(Saved entries)
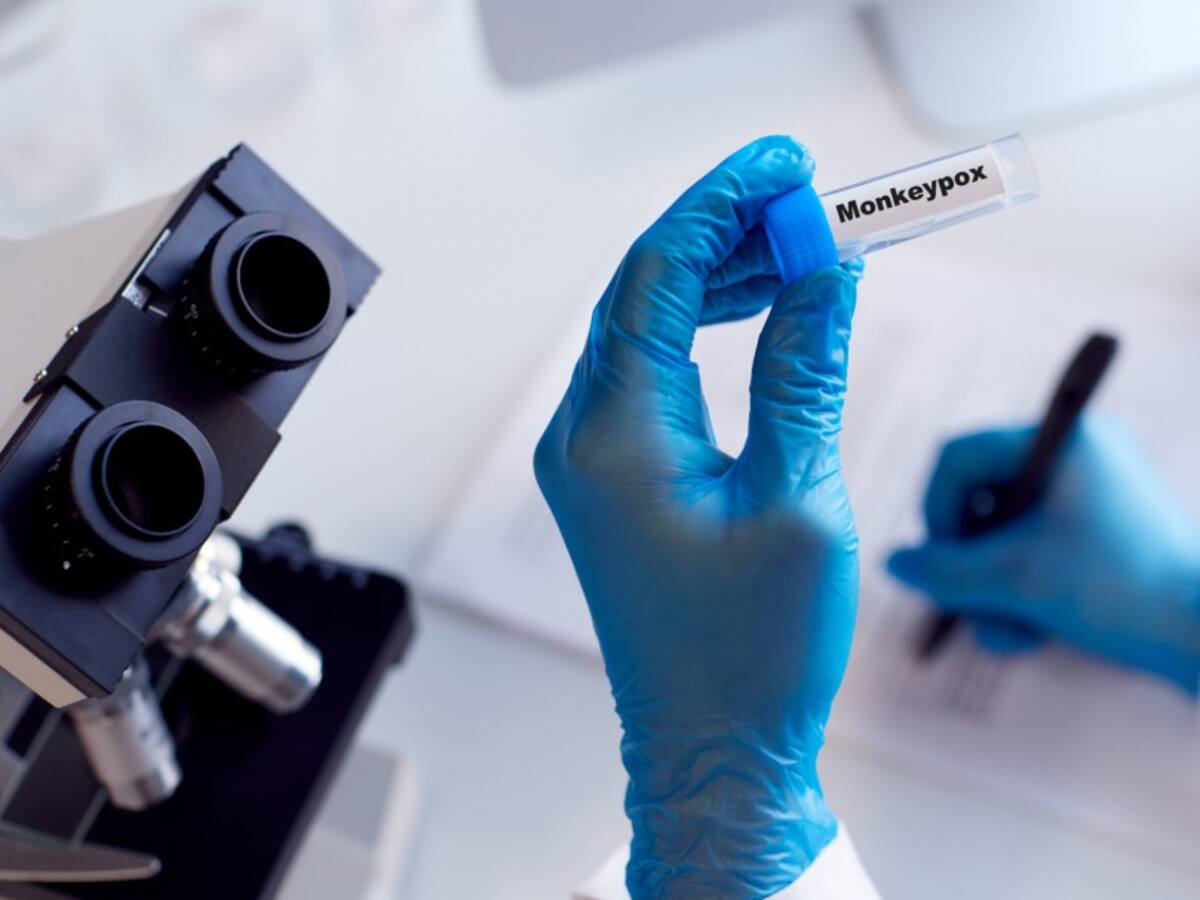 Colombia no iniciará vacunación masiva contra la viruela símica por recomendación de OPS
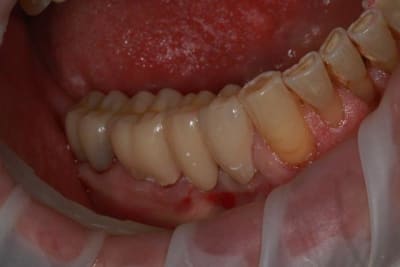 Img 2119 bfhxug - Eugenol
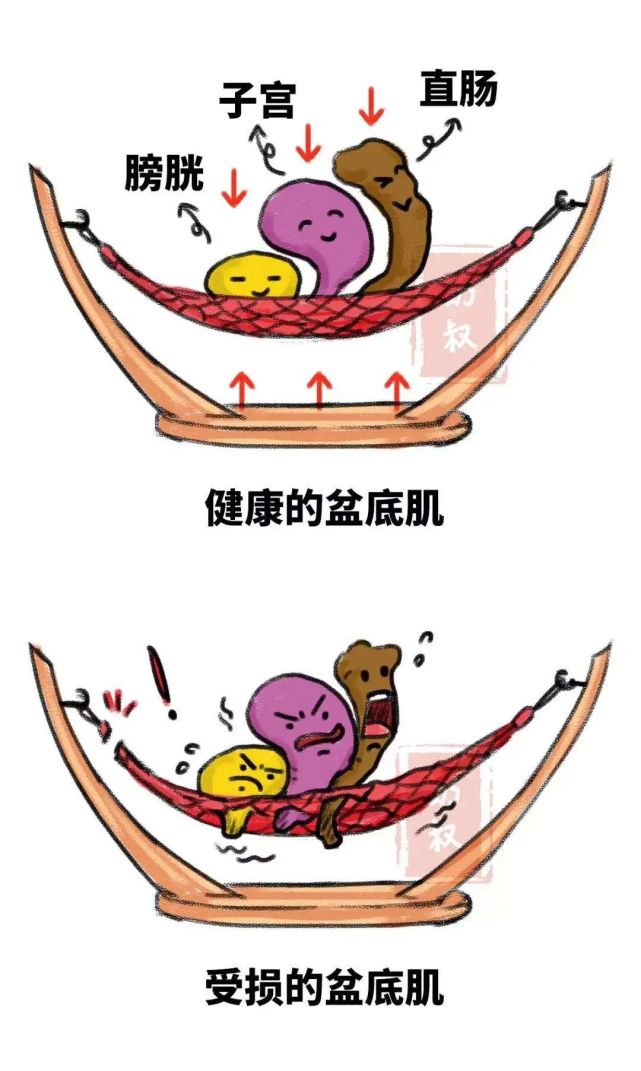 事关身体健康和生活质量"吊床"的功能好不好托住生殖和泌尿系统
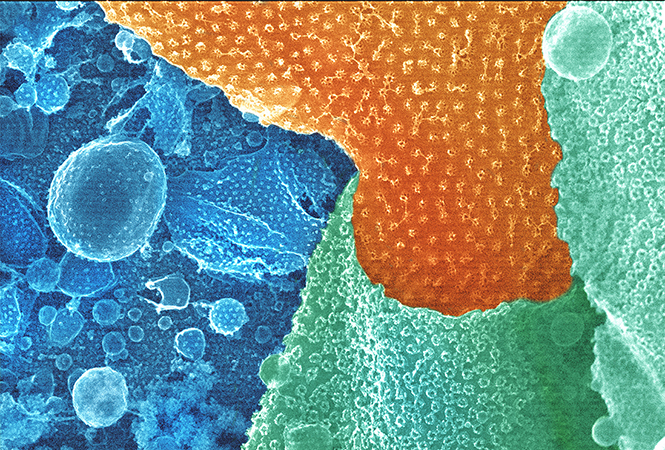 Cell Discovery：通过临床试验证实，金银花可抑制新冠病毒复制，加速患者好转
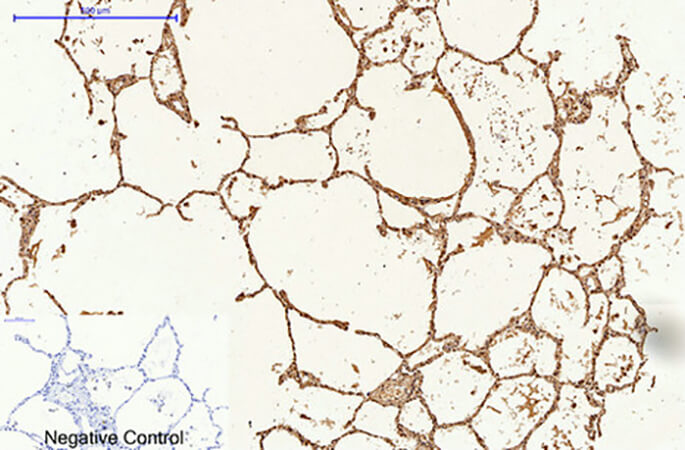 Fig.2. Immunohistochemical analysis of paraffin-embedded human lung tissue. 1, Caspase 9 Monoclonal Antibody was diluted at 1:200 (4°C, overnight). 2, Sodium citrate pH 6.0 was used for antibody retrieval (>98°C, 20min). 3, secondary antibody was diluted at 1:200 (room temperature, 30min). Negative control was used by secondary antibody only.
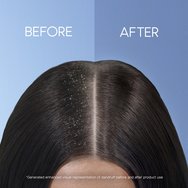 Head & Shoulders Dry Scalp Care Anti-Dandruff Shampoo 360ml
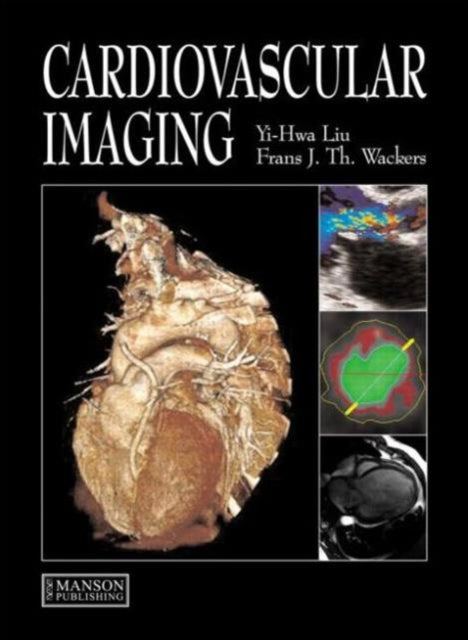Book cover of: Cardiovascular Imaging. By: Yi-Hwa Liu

- _Exercise goal_
An answer containing only the lines from the one holding "Head & Shoulders" through the close of the entries above, reproduced exactly and stripped of pictures, is expected.

- _Answer space_
 Head & Shoulders Dry Scalp Care Anti-Dandruff Shampoo 360ml
Book cover of: Cardiovascular Imaging. By: Yi-Hwa Liu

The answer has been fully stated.